Yunanistan uzmanı İtalyan gazeteci Francesco De Palo da Roma ile Atina’nın imzaladığı anlaşmanın amacını, “Her şeyden önce bu anlaşma, İtalya’yı enerji konusunda bir aktör olarak sunmayı amaçlıyor. Zira Roma, Eastmed Boru Hattı projesinde aktif bir pozisyon aldı, ancak ön planda değildi. ‘Ekibin’ ana kısmı Yunanistan, Kıbrıs, İsrail ve Mısır’dan oluşuyor. Aslında bunlar, Türkiye karşıtı bir motivasyonla hareket ediyor. Başlangıçta bu anlaşma, İtalya’daki başarısızlığı ortadan kaldırmayı amaçladı. Salento ve İyon Denizi’nin Yunanistan kıyısı arasındaki sınırda, Yunanistan’ın düne kadar hak iddia ettiği bir yeraltı kaynağı bulunduğunu anımsatmak isterim. Ancak haritaya bakıldığında, herhangi bir kişi bu kaynağın tam olarak iki ülke arasında bulunduğunu ve bu nedenle müşterek olarak işletilmesi gerektiğini anlar” diye anlattı.
İtalyan gazeteci sözlerine “Türkiye’yi ele alacak olursak, burada herhangi birine karşı veya herhangi bir kişiyle birlikte koalisyon kurulması amaçlanmıyor. İtalya, enerji açısından maalesef çok ileri görüşlü değil, iki yıldır zekice temaslar kuran, müzakereler yürüten ve siyasi ittifaklar oluşturan Yunanistan, İtalya’nın uzak ara önüne geçti.

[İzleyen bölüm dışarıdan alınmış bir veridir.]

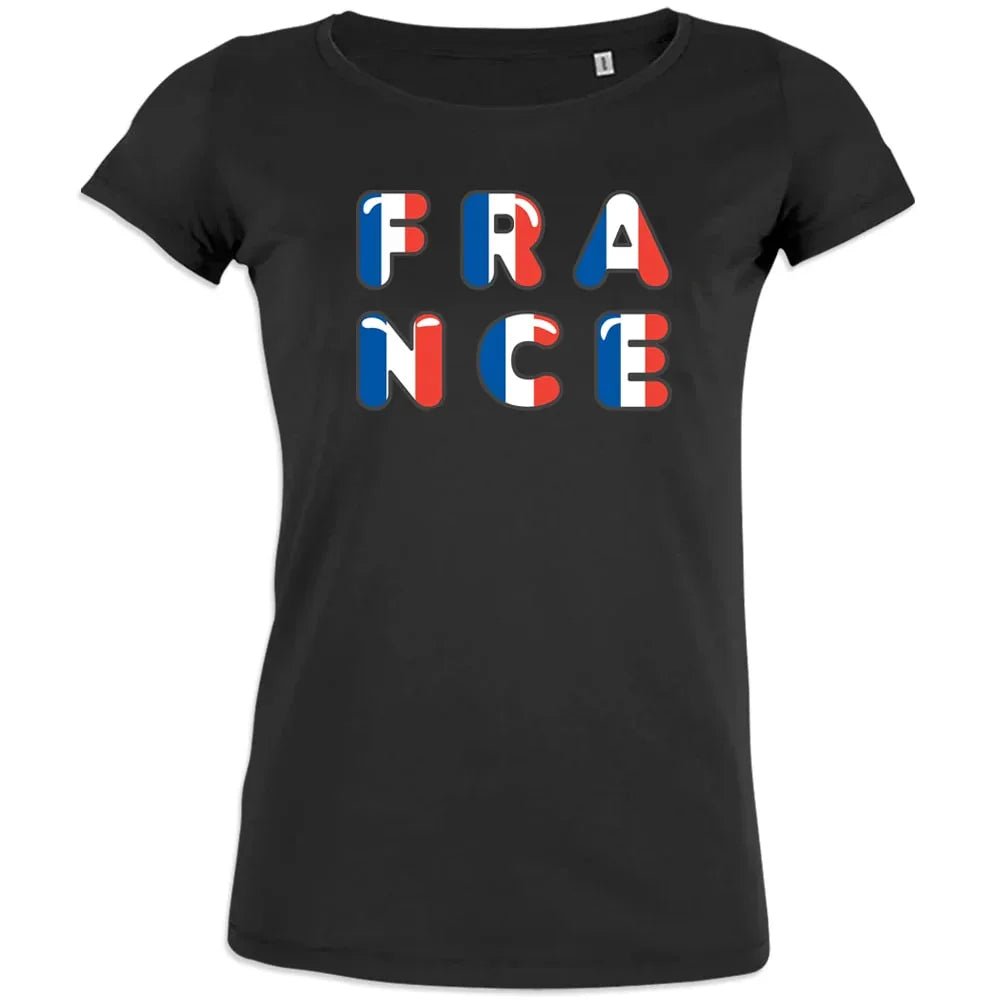 France Bleu Blanc Rouge Women's Organic Cotton Tee - Create Marketplace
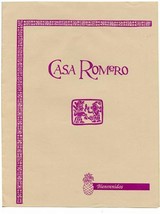 Casa Romero Mexican Restaurant Menu Richmond Virginia - £14.24 GBP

Zor olan bir anlaşmayı imzalamak değil, onu hayata geçirmektir” diye devam etti.
‘Atina bundan sonra sırasıyla Mısır ve Arnavutluk’la anlaşmalı’
Atina Panteon Üniversitesi’nden Prof. Kostas İfantis ise “Daha önce İtalyan balıkçıların balıkçılık haklarıyla ilgili sorunlar nedeniyle anlaşma imzalanamamıştı. Ancak Yunanistan ve İtalya arasındaki imzalanan bu anlaşma, Türkiye’nin eylemlerine ve özellikle de Akdeniz’de deniz yetki alanlarının sınırlandırılmasına ilişkin Türkiye-Libya anlaşmasına karşı bir denge unsuru olacak. İtalya’yla anlaşma imzalandıktan sonraki temel sorun Arnavutluk’la ama öncesinde Mısır’la müzakerelerin hızlı bir şekilde sonuçlandırılmasıdır. Arnavutların AB’ye katılmak için Yunanistan’a Türkiye’den daha fazla ihtiyacı vardır” diye konuştu.